◆ **TASK DESCRIPTION**
In the entries below, find every line with the string "their" and copy it.

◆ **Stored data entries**
────────────────────
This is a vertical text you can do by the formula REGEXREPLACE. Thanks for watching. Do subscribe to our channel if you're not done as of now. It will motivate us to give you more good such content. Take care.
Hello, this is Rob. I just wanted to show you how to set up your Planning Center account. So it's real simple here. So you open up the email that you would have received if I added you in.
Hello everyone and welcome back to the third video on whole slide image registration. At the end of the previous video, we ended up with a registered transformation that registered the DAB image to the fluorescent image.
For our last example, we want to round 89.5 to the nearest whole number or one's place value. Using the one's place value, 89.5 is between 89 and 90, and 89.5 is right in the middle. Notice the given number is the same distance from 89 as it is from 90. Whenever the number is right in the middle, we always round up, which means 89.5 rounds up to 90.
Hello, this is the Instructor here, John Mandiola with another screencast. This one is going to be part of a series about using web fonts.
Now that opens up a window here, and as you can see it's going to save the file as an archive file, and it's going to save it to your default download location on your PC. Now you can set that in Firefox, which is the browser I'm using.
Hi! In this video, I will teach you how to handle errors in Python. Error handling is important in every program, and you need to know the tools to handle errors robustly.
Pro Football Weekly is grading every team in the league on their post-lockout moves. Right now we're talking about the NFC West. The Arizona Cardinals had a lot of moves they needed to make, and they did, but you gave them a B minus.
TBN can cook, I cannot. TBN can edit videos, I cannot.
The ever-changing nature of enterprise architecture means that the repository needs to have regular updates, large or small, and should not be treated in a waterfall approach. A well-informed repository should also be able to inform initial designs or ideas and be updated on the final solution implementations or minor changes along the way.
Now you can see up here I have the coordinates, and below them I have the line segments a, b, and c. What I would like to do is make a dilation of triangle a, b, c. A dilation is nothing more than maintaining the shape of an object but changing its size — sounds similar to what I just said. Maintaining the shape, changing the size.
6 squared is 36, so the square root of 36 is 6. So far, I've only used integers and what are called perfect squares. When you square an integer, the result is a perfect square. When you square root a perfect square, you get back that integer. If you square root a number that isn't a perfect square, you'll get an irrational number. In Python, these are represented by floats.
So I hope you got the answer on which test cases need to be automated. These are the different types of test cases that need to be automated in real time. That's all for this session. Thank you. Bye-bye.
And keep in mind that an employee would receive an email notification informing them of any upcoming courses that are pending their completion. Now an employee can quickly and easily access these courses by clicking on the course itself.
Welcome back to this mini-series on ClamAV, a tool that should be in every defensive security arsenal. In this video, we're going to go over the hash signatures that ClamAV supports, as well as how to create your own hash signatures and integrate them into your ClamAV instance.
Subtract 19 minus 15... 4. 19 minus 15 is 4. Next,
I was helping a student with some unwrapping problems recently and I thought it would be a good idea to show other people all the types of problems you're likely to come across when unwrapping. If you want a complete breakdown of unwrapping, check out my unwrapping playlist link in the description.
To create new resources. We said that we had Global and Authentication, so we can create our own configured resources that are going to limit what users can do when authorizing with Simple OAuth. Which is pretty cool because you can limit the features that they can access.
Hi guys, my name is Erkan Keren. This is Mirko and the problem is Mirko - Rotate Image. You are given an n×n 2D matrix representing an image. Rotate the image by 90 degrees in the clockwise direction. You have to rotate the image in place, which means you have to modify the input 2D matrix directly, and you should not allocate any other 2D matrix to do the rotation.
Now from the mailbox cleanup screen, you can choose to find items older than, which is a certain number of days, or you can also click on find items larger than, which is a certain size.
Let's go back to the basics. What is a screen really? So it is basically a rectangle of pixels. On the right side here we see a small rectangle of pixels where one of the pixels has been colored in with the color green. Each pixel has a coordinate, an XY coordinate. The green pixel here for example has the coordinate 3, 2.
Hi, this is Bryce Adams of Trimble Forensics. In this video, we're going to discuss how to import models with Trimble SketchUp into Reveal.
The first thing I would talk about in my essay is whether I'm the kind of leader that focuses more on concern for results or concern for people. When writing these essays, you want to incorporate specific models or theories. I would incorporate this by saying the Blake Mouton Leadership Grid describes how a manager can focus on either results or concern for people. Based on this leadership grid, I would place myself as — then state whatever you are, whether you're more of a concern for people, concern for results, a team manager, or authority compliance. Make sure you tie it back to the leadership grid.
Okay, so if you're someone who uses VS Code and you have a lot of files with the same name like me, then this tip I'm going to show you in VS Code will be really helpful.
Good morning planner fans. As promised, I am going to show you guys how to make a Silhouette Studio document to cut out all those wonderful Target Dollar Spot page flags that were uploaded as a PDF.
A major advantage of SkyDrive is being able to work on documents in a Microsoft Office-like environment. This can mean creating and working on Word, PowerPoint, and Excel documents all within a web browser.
────────────────────
◆ **ANSWER TO THIS TASK**
Pro Football Weekly is grading every team in the league on their post-lockout moves. Right now we're talking about the NFC West. The Arizona Cardinals had a lot of moves they needed to make, and they did, but you gave them a B minus.
And keep in mind that an employee would receive an email notification informing them of any upcoming courses that are pending their completion. Now an employee can quickly and easily access these courses by clicking on the course itself.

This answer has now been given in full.